A postcard, from 1999, of La Casa del Zorro in Anza-Borrego.

A postcard, from 1999, of La Casa del Zorro in Anza-Borrego.

From Tucson I drove west, out of the Sonoran Desert and into the Mojave, the smallest desert in the West, and then south to Anza-Borrego, two hours east of San Diego. There was a time, back in the mid- to late-90s, when Anza-Borrego was considered the new secret desert hideaway in California, during a time when Palm Springs was on the outs and nobody went to Death Valley anymore. In a period of about five years—from 1996 to, say, 2001—I was asked by a number of publications, including National Geographic, Los Angeles Magazine, Sunset, Westways, and the Los Angeles Times magazine, to write about this hot (literally) new getaway. And I’d always stay at La Casa del Zorro, partially because there weren’t a lot of options but also because I liked the desert glamour of the place.

It was relatively small (44 poolside rooms and 19 one-to-four bedroom casitas) and quiet and had a certain desert elegance to it (which was reflected in four-star, four-diamond rankings). Some very memorable things happened to me while staying at La Casa del Zorro.
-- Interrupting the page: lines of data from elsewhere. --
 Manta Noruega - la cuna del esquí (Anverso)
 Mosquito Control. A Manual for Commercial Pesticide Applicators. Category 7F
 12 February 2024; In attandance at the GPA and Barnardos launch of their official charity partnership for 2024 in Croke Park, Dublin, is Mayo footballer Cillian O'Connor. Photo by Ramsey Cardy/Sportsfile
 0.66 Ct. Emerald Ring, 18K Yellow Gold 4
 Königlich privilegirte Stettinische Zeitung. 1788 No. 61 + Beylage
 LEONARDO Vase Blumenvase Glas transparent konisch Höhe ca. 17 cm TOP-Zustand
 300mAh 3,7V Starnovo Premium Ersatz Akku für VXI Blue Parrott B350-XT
Some I wrote about; some I did not.

I had not stayed at the resort for ten years so I when I got in to Borrego Springs late yesterday afternoon, I was anxious to go out and see how the ol’ gal was doing.

Not very well, I’m afraid.

The entrance was blocked off by a chain-link fence with a No Trespassing sign hanging on it. Seems in the intervening decade La Casa had died.
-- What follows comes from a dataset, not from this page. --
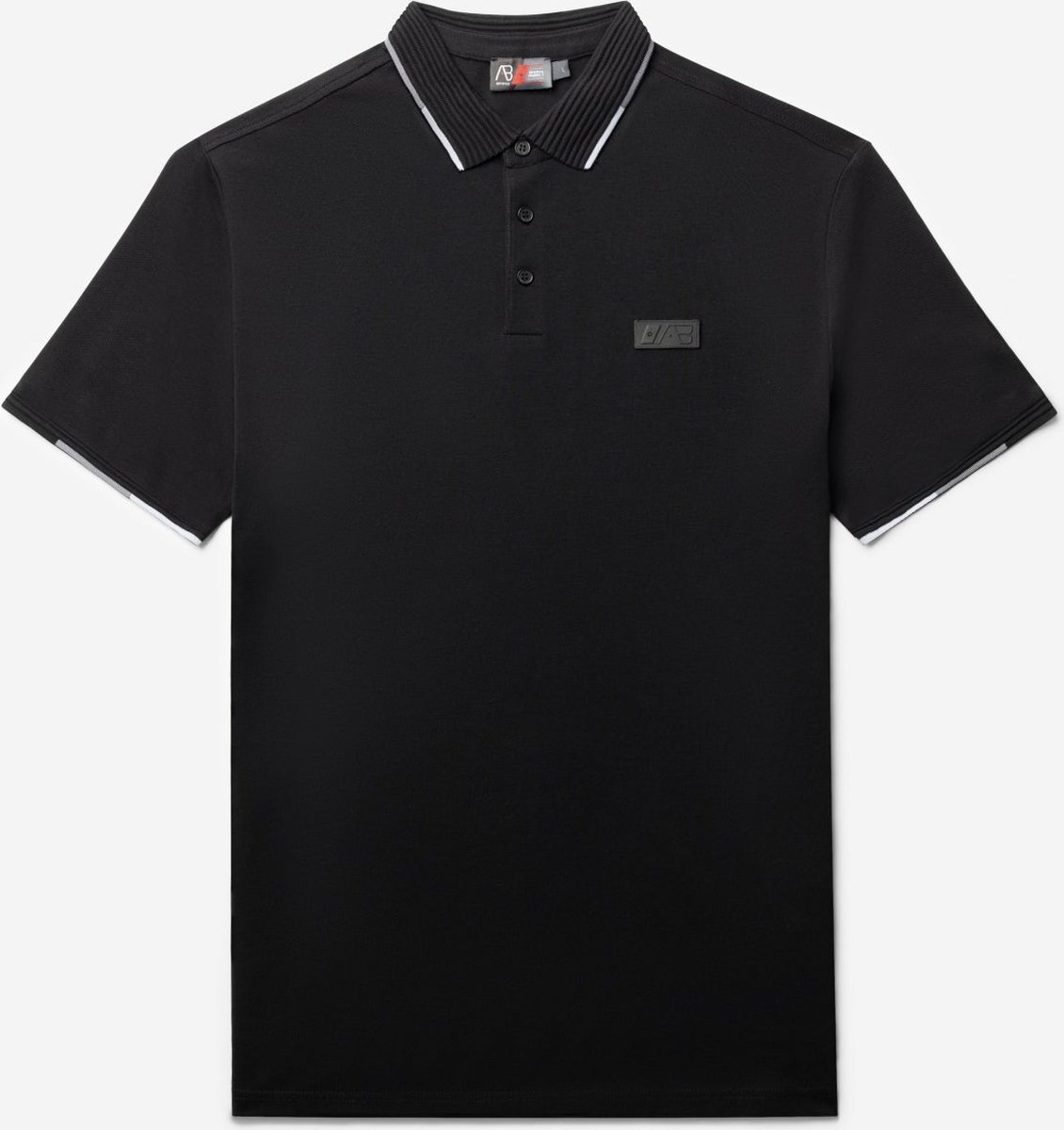 AB Lifestyle - Triple Coloured Polo | Jet Black - Heren - Maat: S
Back at my hotel, the classic Palms at Indian Head, I had a beer at their restaurant, the Krazy Coyote, and asked the bartender what the hell had happened to La Casa del Zorro. Seems I’d missed a lot since I was last there. About four or five years ago, the Copley family, which had bought the resort (then unimaginably called The Desert Lodge) in 1960, sold the troubled property for something like $2.5 million to a developer who owned a golf course with upscale homes on it just down the road. He renamed it Borrego Springs Ranch.
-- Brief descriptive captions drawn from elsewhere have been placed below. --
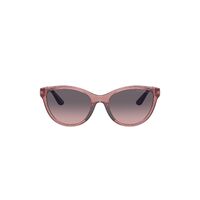 Emporio Armani Kids EK4003F 537646-48 Shiny Transparent Lilac / Pink Gradient Grey Lenses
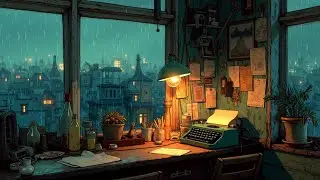 Rainy Night Lofi Chill 🌧️ Cozy Study Music to Boost Focus & Relax
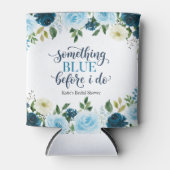 Something Blue Voor Ik Blauwe Bloemen Doe Blikjeskoeler (Voorkant)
The guy put another $7 million into the property in a major renovation effort. Bad timing. The economy tanked and the resort was closed in January 2010. And it’s been closed ever since. Supposedly the whole 38-acre resort, including the freshly renovated rooms, many of which were never opened after the renovation, is on the market for $3.3 million, which seems like a bargain to me. If I was a Gordon Gecko-type I’d buy it in a heartbeat. Not to restore it as a resort but just to use as an incredibly secluded desert hideaway. A place where I could float alone in the resort pool late at night, watching falling stars streak across the inky sky.